I am with you Solarflare, I bought the Tamron 17-50mm few years ago used for $300.  It is a great lens and I enjoy it everytime I have that lens mounted on my camera.  I am pretty sure if I get a full frame body, I will keep a crop body as a spare or when I need to use my telephoto lens at the zoo or something similar.  So I can still enjoy that lens.

But even if I do not want it, I am sure I can sell it for $300 very quick now based on it's condition.  I do not think I will throw away my money.  In fact, I sold 6 lenses  and all of them sold more than what I bought them for.   You just need to know how the game work.  Thanks to good quality glass and/or lenses price are keep going up.


----------



## TCampbell (Jan 18, 2013)

dmunsie said:


> I have in my hands the 5D III. The EF 14mm f/2.8L II USM lens arrives tomorrow. Now I have to learn photography.  lol... Thanks for all the comments, much appreciated.

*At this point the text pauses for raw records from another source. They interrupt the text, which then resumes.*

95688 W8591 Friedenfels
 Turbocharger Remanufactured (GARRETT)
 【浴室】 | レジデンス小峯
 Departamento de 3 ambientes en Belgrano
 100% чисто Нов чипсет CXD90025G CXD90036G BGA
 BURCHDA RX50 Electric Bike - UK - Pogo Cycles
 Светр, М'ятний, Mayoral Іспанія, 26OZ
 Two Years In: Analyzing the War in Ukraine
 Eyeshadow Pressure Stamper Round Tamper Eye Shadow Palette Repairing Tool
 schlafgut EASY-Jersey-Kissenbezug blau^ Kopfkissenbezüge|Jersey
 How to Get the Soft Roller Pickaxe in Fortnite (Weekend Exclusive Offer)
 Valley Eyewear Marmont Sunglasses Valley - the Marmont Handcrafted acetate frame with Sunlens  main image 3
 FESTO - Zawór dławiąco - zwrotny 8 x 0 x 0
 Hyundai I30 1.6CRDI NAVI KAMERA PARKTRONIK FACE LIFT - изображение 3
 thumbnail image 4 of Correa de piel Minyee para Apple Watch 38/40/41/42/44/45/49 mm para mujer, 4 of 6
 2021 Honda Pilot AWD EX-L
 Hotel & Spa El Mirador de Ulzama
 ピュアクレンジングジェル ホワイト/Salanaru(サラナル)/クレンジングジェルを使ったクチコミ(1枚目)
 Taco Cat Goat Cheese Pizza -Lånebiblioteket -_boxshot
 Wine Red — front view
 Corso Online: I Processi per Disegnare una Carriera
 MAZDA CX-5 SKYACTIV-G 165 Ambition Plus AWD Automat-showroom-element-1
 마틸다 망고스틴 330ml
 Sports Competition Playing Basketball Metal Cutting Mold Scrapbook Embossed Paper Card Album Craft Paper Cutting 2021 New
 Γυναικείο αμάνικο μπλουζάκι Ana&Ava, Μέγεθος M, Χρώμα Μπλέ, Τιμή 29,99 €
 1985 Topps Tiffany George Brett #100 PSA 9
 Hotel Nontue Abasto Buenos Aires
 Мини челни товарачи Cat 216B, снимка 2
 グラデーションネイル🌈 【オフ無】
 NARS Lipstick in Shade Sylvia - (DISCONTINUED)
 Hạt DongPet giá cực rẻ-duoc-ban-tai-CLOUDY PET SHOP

Oh WOW!  You did have a bit of spending money.

I have the 5D III and the 14mm f/2.8 lens and I can tell you they're both amazing.  The 14mm is QUITE wide (remember this is a full-frame camera so that's like using an 8.75mm on a crop-body).  Normally that'd be in the territory of fish-eye except the Canon 14mm is a rectilinear wide angle lens -- it's is quite impressive (and frankly I still don't think I've learn to exploit it as well I should.)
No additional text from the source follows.